The script used for these inscriptions, known as Oracle Bone Script (甲骨文, jiǎgǔwén), is the oldest confirmed corpus of Chinese writing and the direct ancestor of the characters used today. While many characters were pictographic—a recognizable drawing of a horse (馬), a fish (魚), or a person (人)—the system was already highly sophisticated, including abstract concepts and phonetic loan characters. Studying these ancient inscriptions allows us to trace the fascinating evolution of one of the world’s oldest continuous writing systems.
“Dragon Bones” and the Rediscovery of a Dynasty
For centuries, the story of the Shang Dynasty was just that—a story, recorded in later texts but lacking hard proof. The discovery that would change everything came about by accident. In the late 19th century, farmers in the village of Xiaotun, near Anyang in Henan province, were unearthing caches of old bones.
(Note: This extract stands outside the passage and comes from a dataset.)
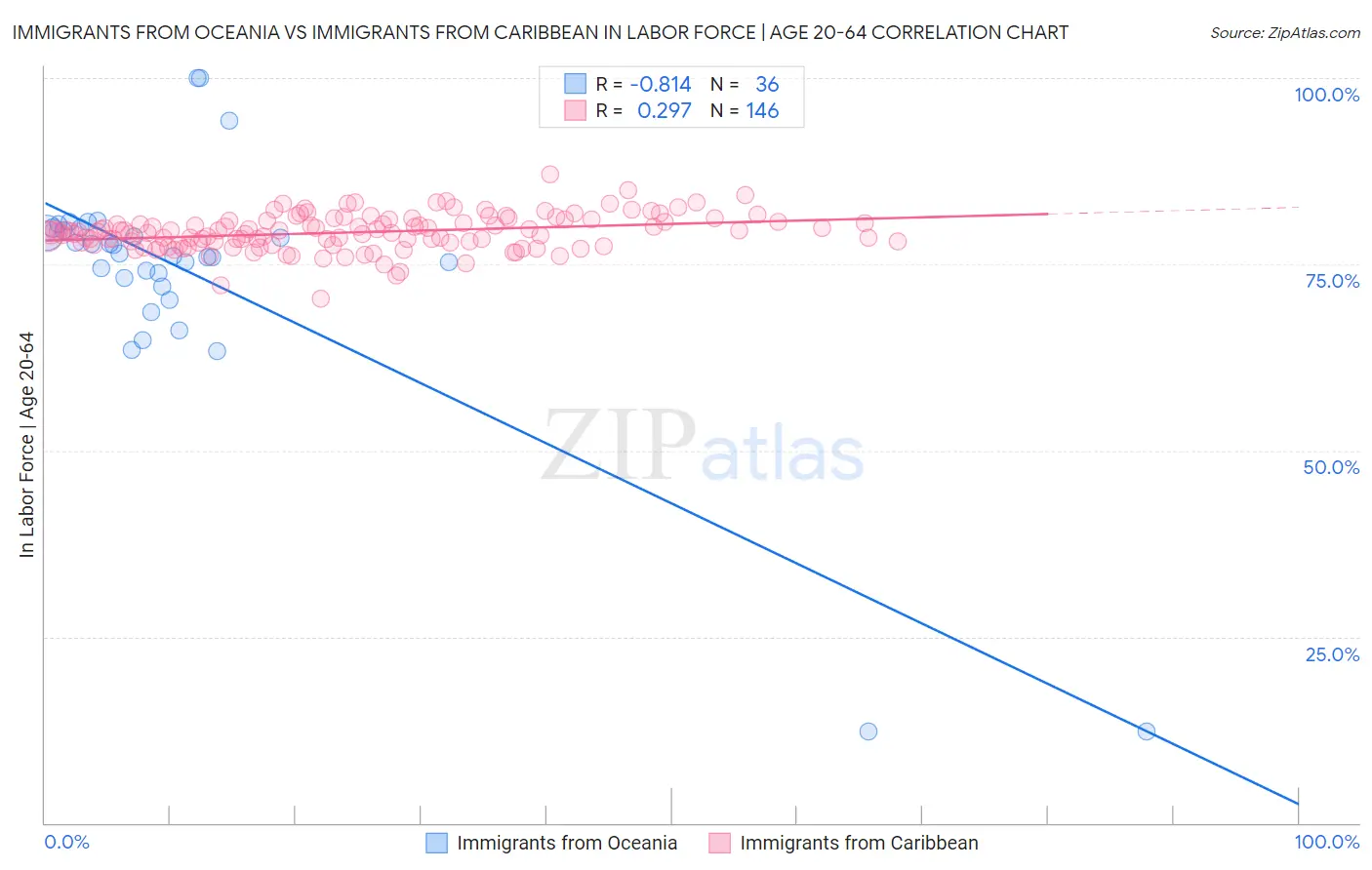 Immigrants from Oceania vs Immigrants from Caribbean In Labor Force | Age 20-64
Believing them to be “dragon bones” (龍骨, lóng gǔ) with healing properties, they sold them to apothecaries, who ground them into powder for traditional medicine.
The story goes that in 1899, the scholar and chancellor of the Imperial Academy, Wang Yirong, was prescribed this very medicine. Before the bones were pulverized, he noticed the strange, ancient script carved into their surfaces. Recognizing their immense historical value, he and other scholars began collecting them. Their efforts led archaeologists to Xiaotun, which was soon identified as Yinxu (the “Ruins of Yin”), the last great capital of the Shang Dynasty. The “dragon bones” were, in fact, the royal archives.
The excavations at Yinxu have since yielded over 150,000 oracle bone fragments, providing concrete, irrefutable evidence of the Shang Dynasty’s existence. They confirmed its king lists, its social structure, and its religious beliefs, transforming it from a semi-mythical period into a tangible, well-documented chapter of world history.
The oracle bones are more than just ancient artifacts. They are a direct conversation with the past. In their cracks and carvings, we see the foundation of a civilization: a system of belief that ordered the universe, a method of governance that sought divine sanction, and the birth of a writing system that would shape East Asian culture for millennia.